Sunday, August 12, 2018

Who Joins White Supremacist/Alt-Right Groups


Today is the anniversary of the Alt-Right and White Supremacists assault on Charlottesville, a city that I and countless University of Virginia hold dear.  Ironically, given last year's violence, Charlottesville is perhaps Virginia's most progressive city - it voted heavily for Clinton in 2016 and Democrat Ralph Northam got roughly 85% of the vote in 2017 - and, thus, represents what the far right hates most: education, knowledge, tolerance and non-discrimination. While frictions erupted last night in Charlottesville, today's main gathering of haters will take place in Washington, DC, near the White House - a fitting location given Trump's refusal to condemn the white supremacists who violated Charlottesville last year and killed a counter-protester.  A piece in Newsweek looks at who joins the Alt-Right and by extension, makes up much of Trump's hardcore base.  Here are excerpts:
A new University of Virginia study found that white nationalists are likely to be low-income, divorced, uneducated and unemployed.

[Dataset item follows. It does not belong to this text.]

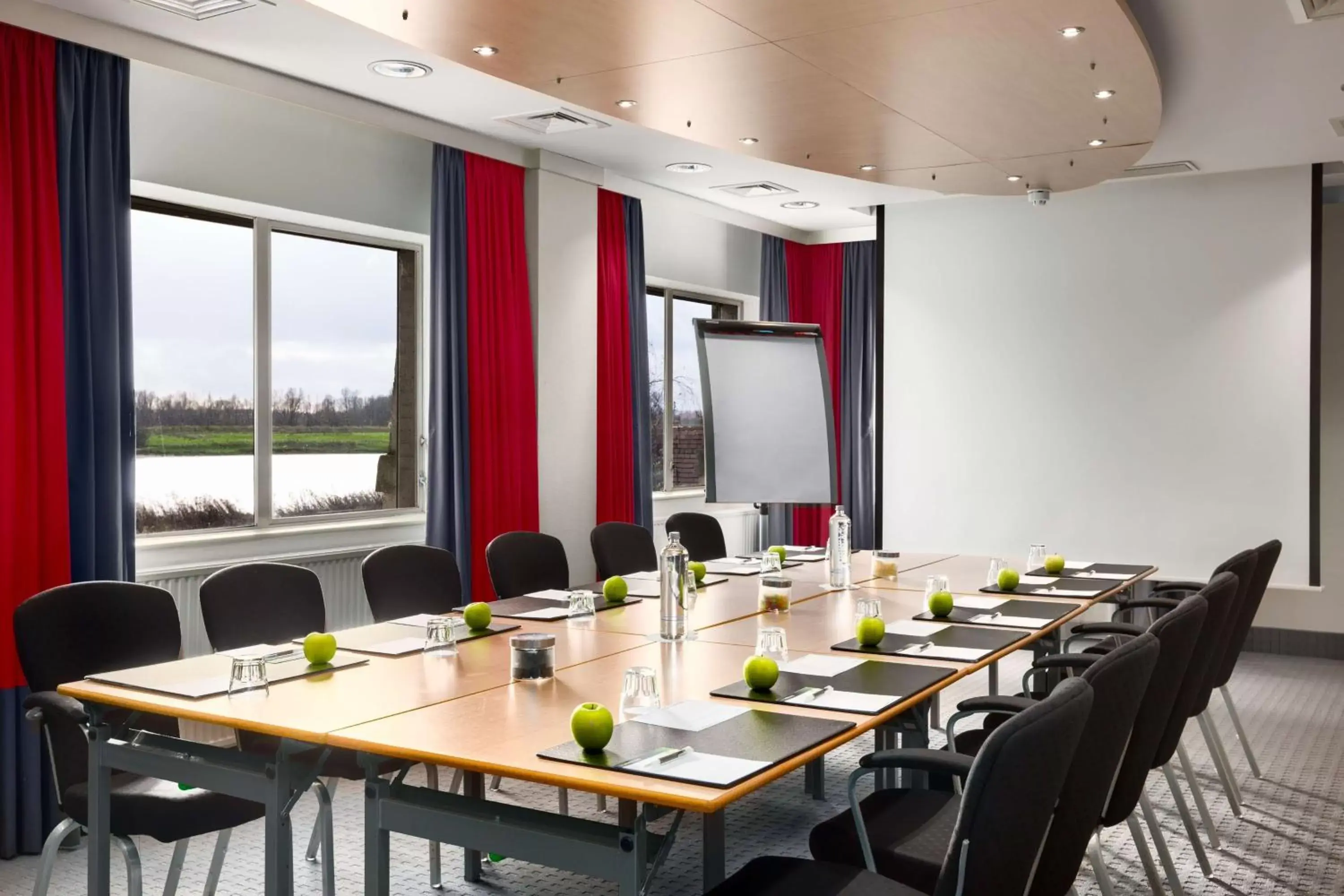 Meeting/conference room in NH Arnhem Rijnhotel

One year after the Unite the Right marches in Charlottesville, Virginia that led to the death of 32-year-old Heather Heyer and dozens of serious injuries, scholars at the nearby university analyzed the demographics of potential alt-right members in hopes of discovering what makes certain Americans susceptible to joining white nationalist movements.  

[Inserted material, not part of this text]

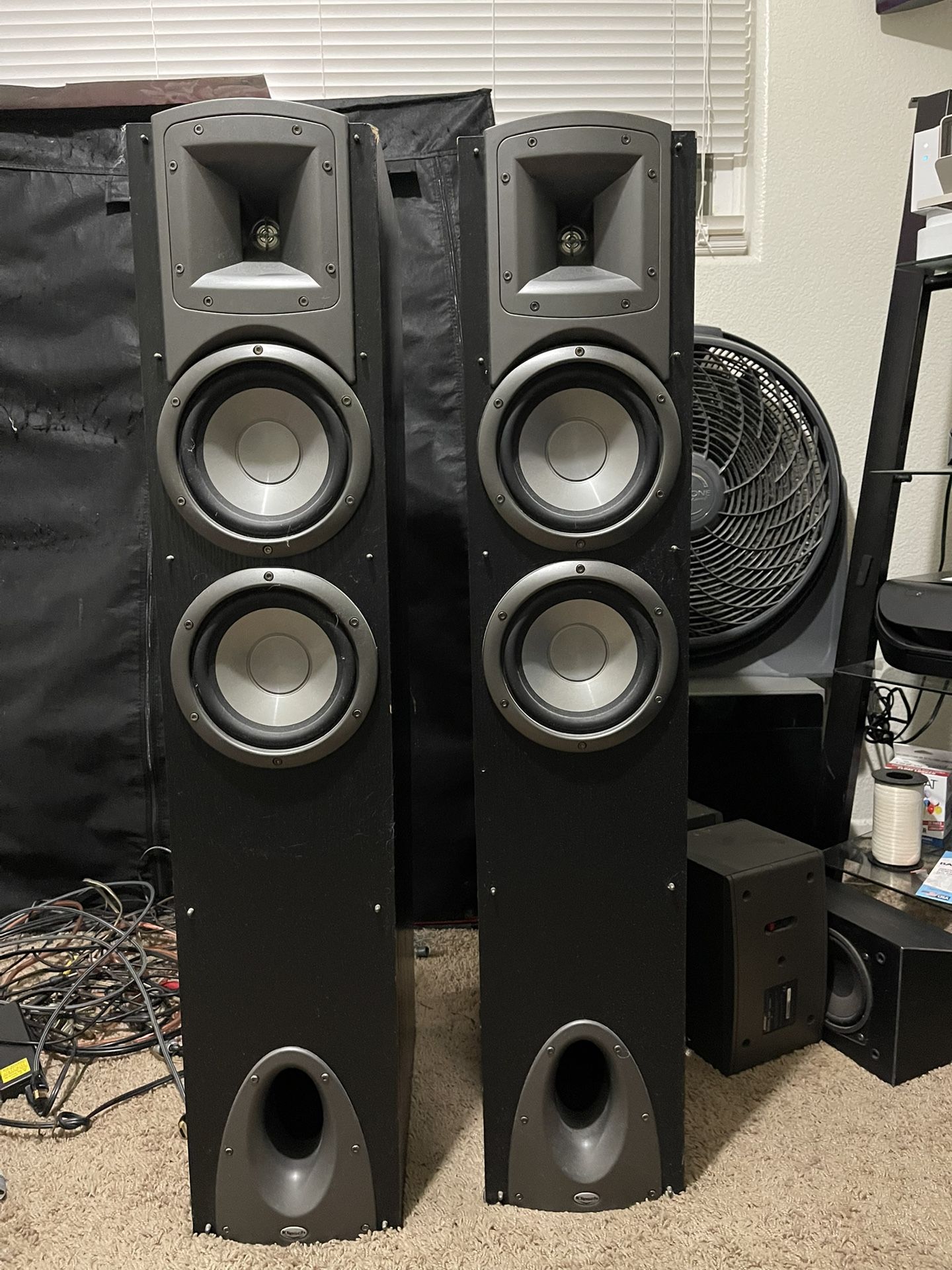 2 Spikers Good Condition Klipsch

Researchers at UVA’s Institute for Family Studies studied responses to 2016 American National Election Survey, and singled out respondents who had a strong sense of white identity, a belief in the importance of white solidarity and a sense of white victimization.
The group found that unemployed white Americans without a college degree and with an annual income between $0 and $29,000 were more likely to agree with the principles of the white nationalist movement. These respondents were also much more likely to be divorced than married or never married. Religious beliefs, gender and age had little impact on whether a white American was held supremacist beliefs or not, the study found. “Divorce does seem to increase the likelihood a respondent will believe whites suffer discrimination and the likelihood that a white person will agree with all three of the basic premises of white identity politics,” wrote George Hawley, an assistant professor of Political Science at the University of Alabama, in the studies findings.
A July Anti-Defamation League study also found a clear link between misogyny and white supremacy. “Misogyny has the potential to act as a gateway into the white supremacist world,” said report author Jessica Reaves, an expert at ADL’s Center on Extremism. “The hatred and resentment of women voiced by groups like involuntary celibates and Men’s Rights Activists is disturbingly similar to white supremacists’ hatred of minorities. And some white supremacists, especially those on the alt-right, use the same degrading, violent anti-woman rhetoric we hear coming from misogynist groups.”
“Pundits and scholars have spent the last several years debating whether racism or economic anxiety is the main catalyst for right-wing populism and white racial identity politics,” wrote Hawley. “It turns out that economic variables are some of the stronger determinants of white attitudes on racial questions. Higher incomes are associated with lower levels of white racial identity, racial solidarity, and feelings of discrimination.


I doubt many of my country club/yacht club Republican "friends" would associate with these people socially, but they voted with them and sadly, seemingly subscribe to the same ugly racism.  My late mother always told us as children that we'd be known by the company we kept.  My Republican "friends" have said a lot about themselves given the politically kindred spirits and it's not something positive.